Lucky Pulpit was bred, raced and continues to be owned outright
by Larry and Marianne Williams of Parma, Idaho. In 2004 the Williamses sent Lucky
Pulpit to Churchill Downs-based trainer Grant Forster for his four-year-old
campaign.
Forster talked about his time with Lucky Pulpit and some similarities
to the 2014 Kentucky Derby winner.
“Lucky Pulpit was a really smart horse,” Forster said. “Obviously California
Chrome is very intelligent.
“Lucky Pulpit had figured out how to play with us and
make our lives difficult at some point, but he was a really talented horse. A
lot of people wondered why we kept sprinting him on the grass, but he had been
doing well at the time with that so there was no need to do anything else. He
was a very pretty horse just like California Chrome.”
Lucky Pulpit made eight starts under Forster, six of which were on the turf and
all were between five and seven furlongs.
“I didn’t think there would be any distance limitations with California Chrome,”
Forster said. “Obviously people looking at Lucky Pulpit’s form were somewhat
questionable of that.
“The best race I had him for was probably the Smile Sprint at Arlington on the
grass.
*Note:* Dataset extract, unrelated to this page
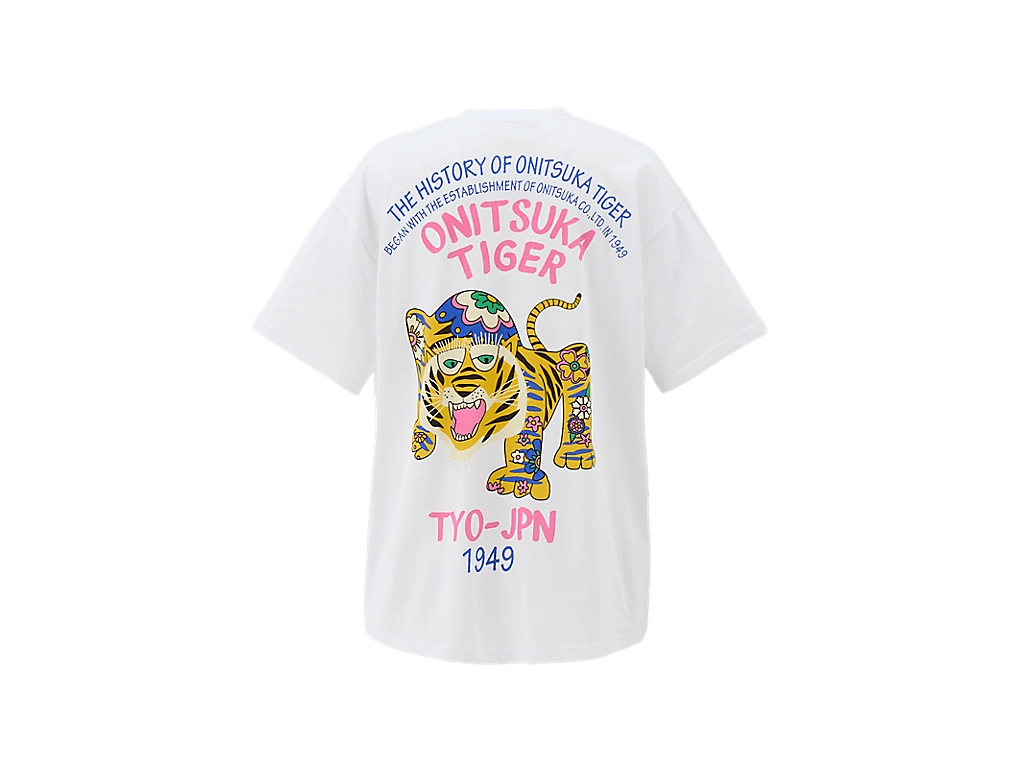 오니츠카 타이거 OVERSIZED GRAPHIC TEE 오버사이즈 그래픽 티셔츠 UNISEX 4컬러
He had a couple other races in some of those grass sprints where he had a
couple tough trips and got in some traffic trouble. I remember the Keeneland
race (a sixth-place finish in the 2005 Woodford Stakes) where he
wasn’t beaten by too many lengths, but just had a tough trip that day. He was
just a horse with a ton of personality, a really neat character.”
Lucky Pulpit entered stud in 2007 at Harris Farms near Coalinga, California, where he
still stands. Forster was delightfully surprised to see the horse he had
trained sire a Kentucky Derby winner.
“You really don’t expect anything like that,” Forster said. “His owners sent him
to me as a four-year-old with the goal of winning a stake because they thought he
had a good enough pedigree and was already graded-placed. They thought he had a
good chance to at least stand at stud somewhere like California where they have
a lot of horses. So we accomplished that goal anyway.”